(How to complete this task): Where a picture shows up in the listing below, omit it and output the rest exactly.

(Data):
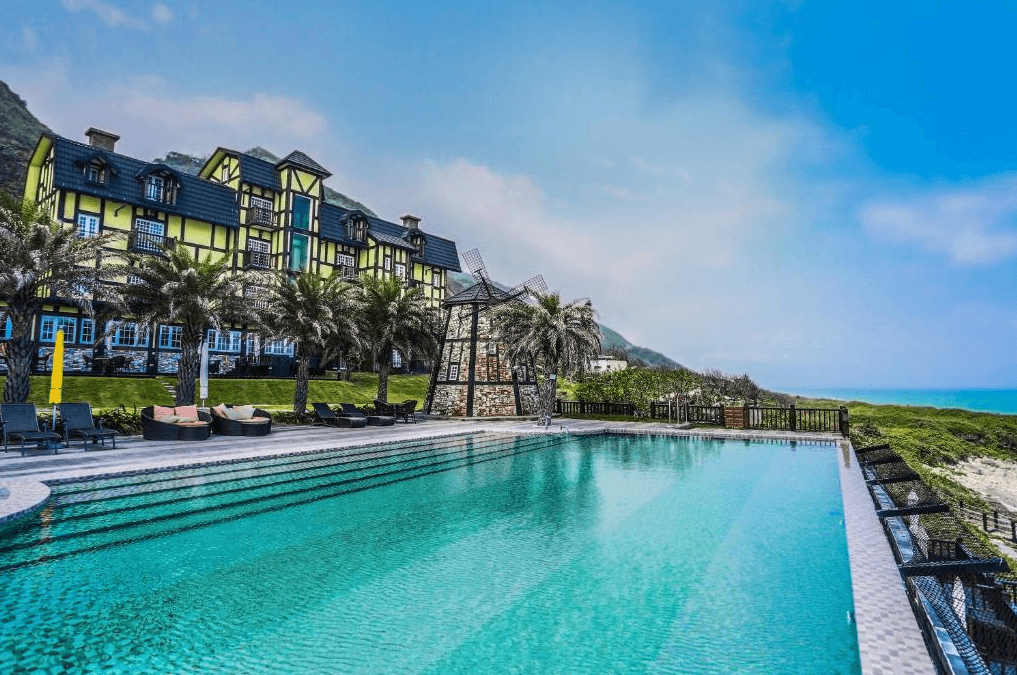 “花蓮寵物友善飯店”斯圖亞特海洋莊園民宿外觀及其戶外游泳池區域，建築風格為典型的歐洲莊園，明亮的黃色外牆與青翠的棕櫚樹相互映襯，戶外泳池的碧綠色水面閃耀著陽光，後方則是廣闊的海岸線，景色迷人。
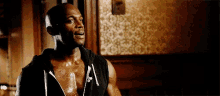 a man is standing in a dark room wearing a black hoodie without a shirt on .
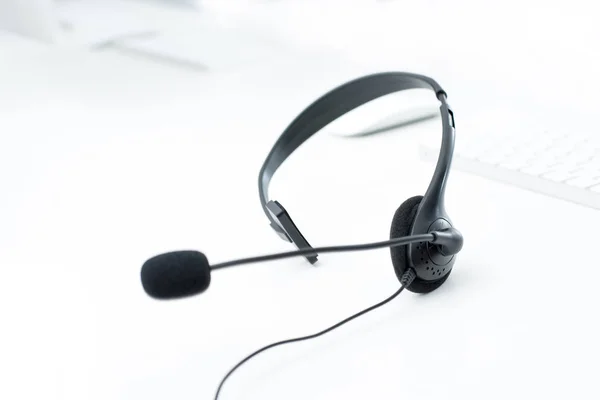 Microfoon headset op witte tafel met computer toetsenbord achtergrond wazig — Stockfoto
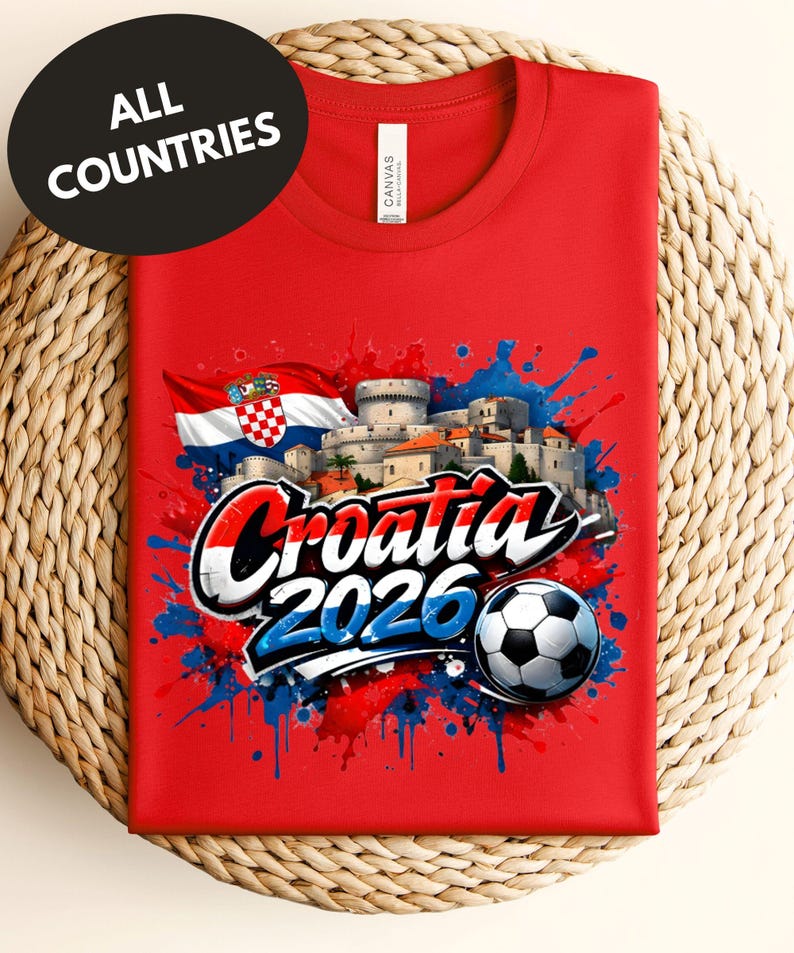 A red t-shirt with a graphic design featuring the text "Croatia 2020" and a soccer ball, along with a flag and splatter-like elements.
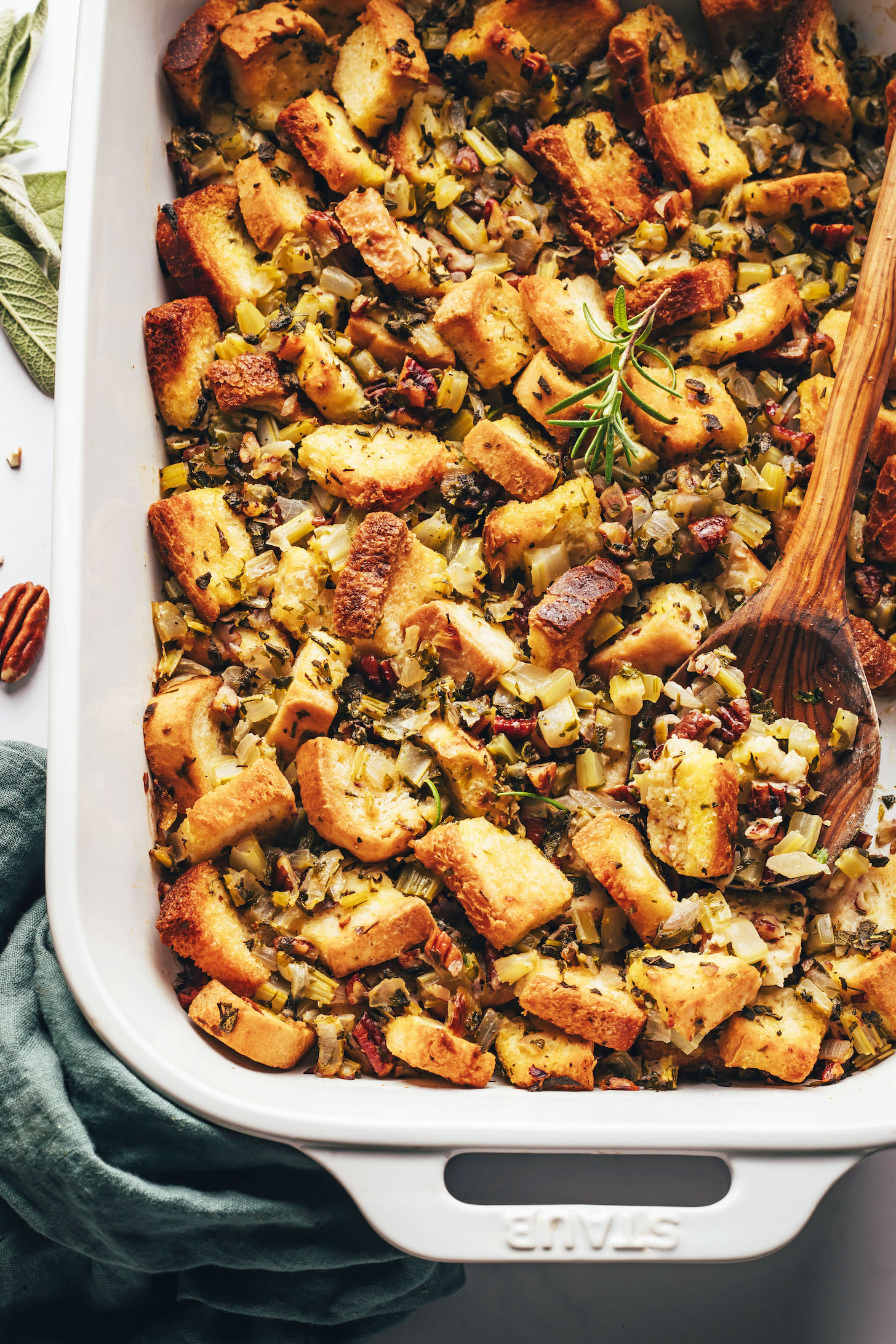 Wooden spoon in a pan of homemade vegan gluten-free stuffing
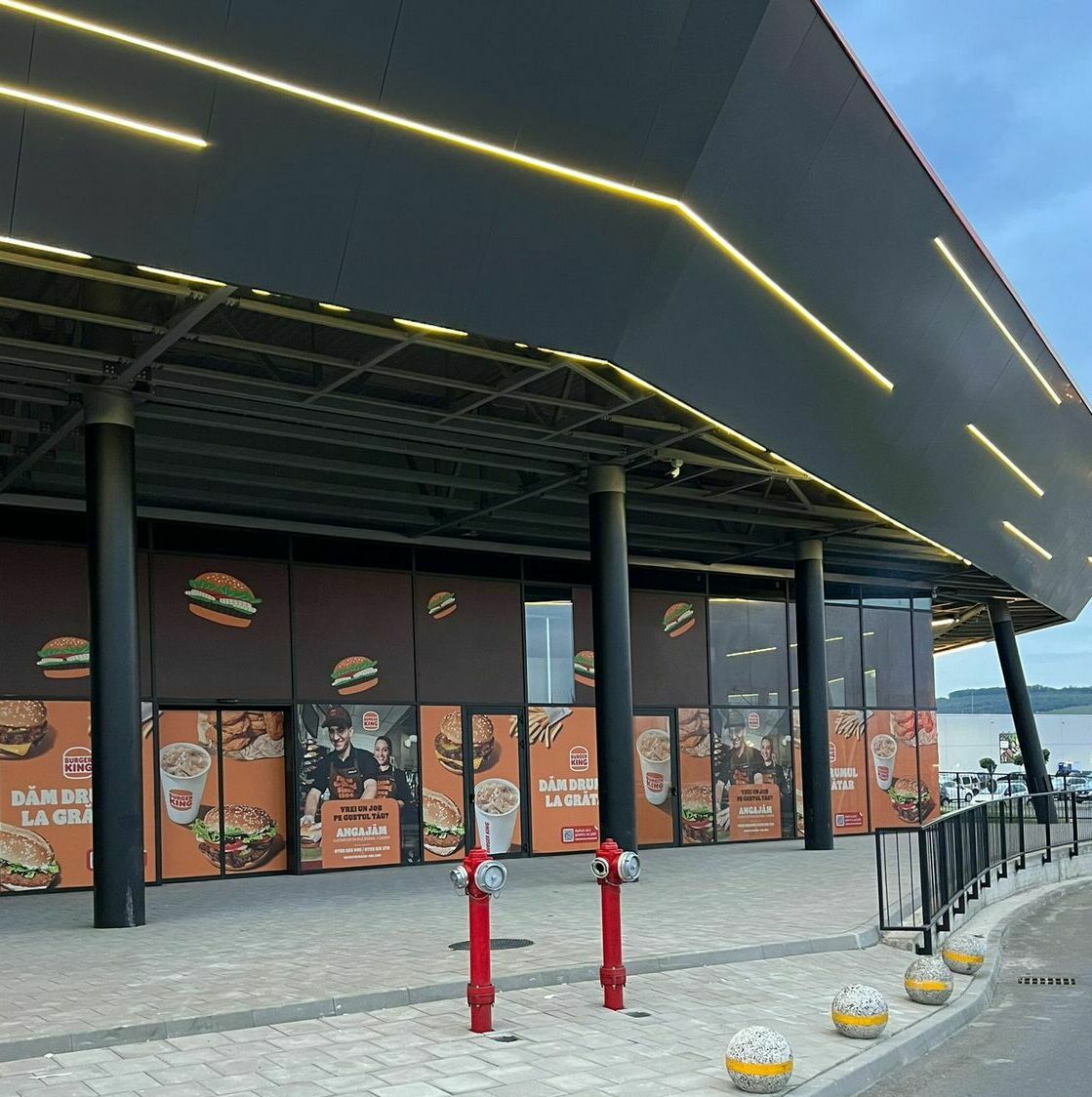 Implementarea unei soluții vizuale de impact pentru fațada unui mall important, prin aplicarea autocolantului și mesh-ului personalizat pentru renumitul lanț Burger King, incluzând procese meticuloase de printare, design grafic și montaj profesionist.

(Task solution):
 “花蓮寵物友善飯店”斯圖亞特海洋莊園民宿外觀及其戶外游泳池區域，建築風格為典型的歐洲莊園，明亮的黃色外牆與青翠的棕櫚樹相互映襯，戶外泳池的碧綠色水面閃耀著陽光，後方則是廣闊的海岸線，景色迷人。
 a man is standing in a dark room wearing a black hoodie without a shirt on .
 Microfoon headset op witte tafel met computer toetsenbord achtergrond wazig — Stockfoto
 A red t-shirt with a graphic design featuring the text "Croatia 2020" and a soccer ball, along with a flag and splatter-like elements.
 Wooden spoon in a pan of homemade vegan gluten-free stuffing
 Implementarea unei soluții vizuale de impact pentru fațada unui mall important, prin aplicarea autocolantului și mesh-ului personalizat pentru renumitul lanț Burger King, incluzând procese meticuloase de printare, design grafic și montaj profesionist.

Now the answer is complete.